Our breakthrough was the result of “night science”: a stumbling, wandering exploration of the natural world that relies on intuition as much as it does on the cold, orderly logic of “day science.”
F. Jacob, The Statue Within: An Autobiography (Unwin Hyman, London, 1988)
François Jacob (1920–2013) was an eminent French biologist who won the Nobel Prize for his scientific breakthroughs. Here is a snippet from his obituary:
Jacob wrote and talked about “day science” and “night science.” He described day science as how we present our discoveries in seminars and papers, as a linear progression of observations and scientific design to a “voilá” conclusion. Night science is how the discovery process really happens, in its messy, intuitive, questioning progression, where we construct and then demolish hopeful hypotheses, “fighting a lot with yourself.” Most important to this process is how one formulates questions that then drive the design of the experiment.
It was through a recent paper on the messiness of emergence as a characteristic of the design research process that I was introduced to this powerful metaphor. Gaver et al., (2022) wrote:
“…Jacob argues … that emergence is integral to the experimental sciences, writing in a dramatic essay [39], about “day and night science”:
Day science employs reasoning that snaps together like gears, and achieves results with the force of certainty… Conscious of its progress, proud of its past, sure of its future, day science advances in light and glory.
Night science, in contrast:…is a sort of workshop of the possible where the future building materials of science are made…Where thought proceeds along sinuous paths, winding streets, most often blind alleys…. What guides the mind, then, is not logic. It is instinct, intuition.
In this characterization, before hypotheses can be formulated and experimental tests devised, there is a more or less lengthy phase of emergent understanding as “innumerable suppositions, connections, combinations, associations that constantly flash through the mind”. This is what produces the hypotheses and tests that make up the rigorous and logical investigations –day science –that follow.”

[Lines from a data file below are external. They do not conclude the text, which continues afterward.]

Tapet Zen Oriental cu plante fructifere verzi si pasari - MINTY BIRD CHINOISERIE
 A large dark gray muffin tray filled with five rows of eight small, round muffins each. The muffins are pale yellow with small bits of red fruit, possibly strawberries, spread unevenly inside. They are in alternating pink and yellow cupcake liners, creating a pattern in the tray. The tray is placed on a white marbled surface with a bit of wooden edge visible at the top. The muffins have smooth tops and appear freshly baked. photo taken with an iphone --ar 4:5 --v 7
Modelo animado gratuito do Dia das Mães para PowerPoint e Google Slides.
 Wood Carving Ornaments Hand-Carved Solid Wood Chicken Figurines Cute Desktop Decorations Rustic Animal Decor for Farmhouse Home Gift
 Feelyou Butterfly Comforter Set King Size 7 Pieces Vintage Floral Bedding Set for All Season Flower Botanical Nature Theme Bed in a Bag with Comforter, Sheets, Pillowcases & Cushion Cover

Night science, according to all, must be “formalized” (Jacobs, 1966) into the coherent linear predictive structure and work flows for peer review and publication, the day science in Jacob’s own words:
In Jacob’s view, night science is as integral to scientific research as day science.But night science doesn’t appear in scientific reports. This is because to “convince his colleagues of the importance of his work”, the scientist must “purify the research of all affective or irrational dross.” The result is that “to write an account of research is… to transform the very nature of the research; to formalise it. To substitute an orderly train of concepts and experiments for a jumble of disordered efforts.” (Jacob’s words (1966) from Gaver et al., 2022)
This “purification” of research and the suppression of the intuitive leaps of logic can often be the most difficult part of the practice-based researcher’s struggle – “early dawn” science. We have experience in finding the real story to tell in hte midst of all the gathered data from observations, interviews, and desk research. Suppressing most of it imagines a world that is shorn of all complexity and sends the message that discovery is far more logical and linearly progressive than it is.
To change this, at least for disciplines where emergence and surprise are part of the research process (such as design and product development), means stepping outside of the box of the ‘western knowledge system’ and its scientific ways of knowing which have claims for objectivity.